したがって、法的な観点で言えば立会人型、当事者型にこだわることなく電子契約サービスを使用可能です。

相手方に電子契約の導入メリットを理解してもらうことが大切

相手方に電子契約の導入メリットを理解してもらうことが大切

契約業務の効率化のために電子契約サービスを導入するためには相手方からの理解を得る必要があります。立会人型の電子契約サービスを導入すれば、とても簡単に負荷なく取引上で利用開始できるので、導入を断る理由は少ないです。

しかし、一部の企業との取引で、電子契約を拒絶・不安視され、書面に印鑑を付与したものを利用するように求められている事実があります。以下では電子契約を相手方に前向きに導入いただくために理解いただいた方がよいメリットを紹介します。

メリット①:電子契約が法的に有効であること

上述した通り、電子契約は法的に有効である上、書面契約と同様に係争時の証拠として利用可能です。実際に、東京地裁令和1年7月10日 貸金返還等請求事件判決では、電子契約が証拠として利用された実例があります。

なりすましのリスクなど、法的な有効性を揺るがすリスクもありますが、二要素認証機能などを利用して本人性の確保を厳密にすればリスクの低減は十分に可能です。

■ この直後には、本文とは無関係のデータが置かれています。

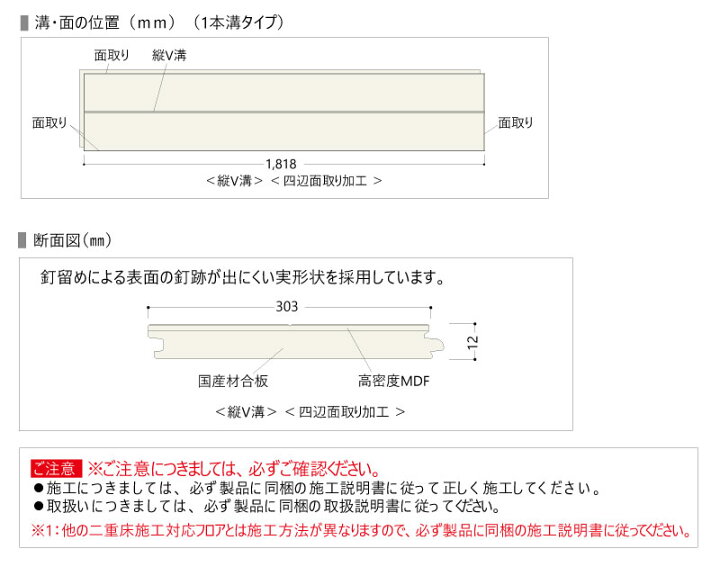 楽天市場】【全品対象200円OFFクーポン】床材 カナエル C12 JベースVC 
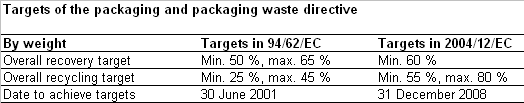 Targets of the packaging and packaging waste directive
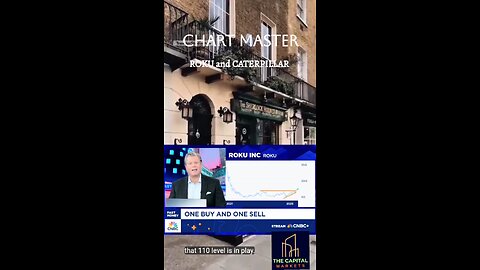CHART MASTER: ROKU AND CATERPILLAR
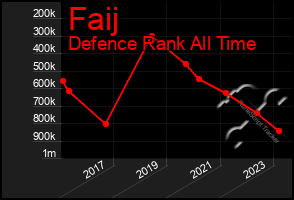 Total Graph of Faij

法的に有効であり、かつ、書面契約と同様に利用できる点がメリットといえるでしょう。

メリット②:コスト削減につながること

電子契約サービスを利用することにより、利用者双方で以下のコスト削減効果を見込めます。

  • 印紙税の削減
  • 書面契約の作成・郵送・管理コストの削減
  • 監査コストの削減

世界No1シェアのDocuSignを導入したソフトバンク株式会社では契約書1通あたり2,500円のコスト削減効果があったと公表しています。

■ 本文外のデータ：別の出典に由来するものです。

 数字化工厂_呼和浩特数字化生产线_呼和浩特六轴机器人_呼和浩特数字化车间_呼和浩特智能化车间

この事例からもわかる通り、電子契約サービスを導入することで、相手方、自社双方にコストメリットがあるといえるでしょう。

メリット③:取引のリードタイムを短縮できること

メリット③:取引のリードタイムを短縮できること

立会人型の電子契約サービスを利用する場合、契約締結用のURLが記載されたメールを相手方に送付するのみで契約締結を完了できるため、利用者双方で取引のリードタイム短縮を期待できます。

契約書の中には契約書中の文言修正が多数発生し取引のリードタイムが長期化するケースも珍しくありません。

このようなケースは双方にとって非常にストレスですが、電子契約サービスを導入すると電子上で修正、送付ができるので双方のストレスを軽減し、かつ、取引のリードタイムを短縮できる点がメリットです。

相手方と自社で利用する電子契約サービスが異なる場合

電子契約サービスの普及率が上がってきたこともあり、相手方と自社双方で利用している電子契約サービスが異なる場合があります。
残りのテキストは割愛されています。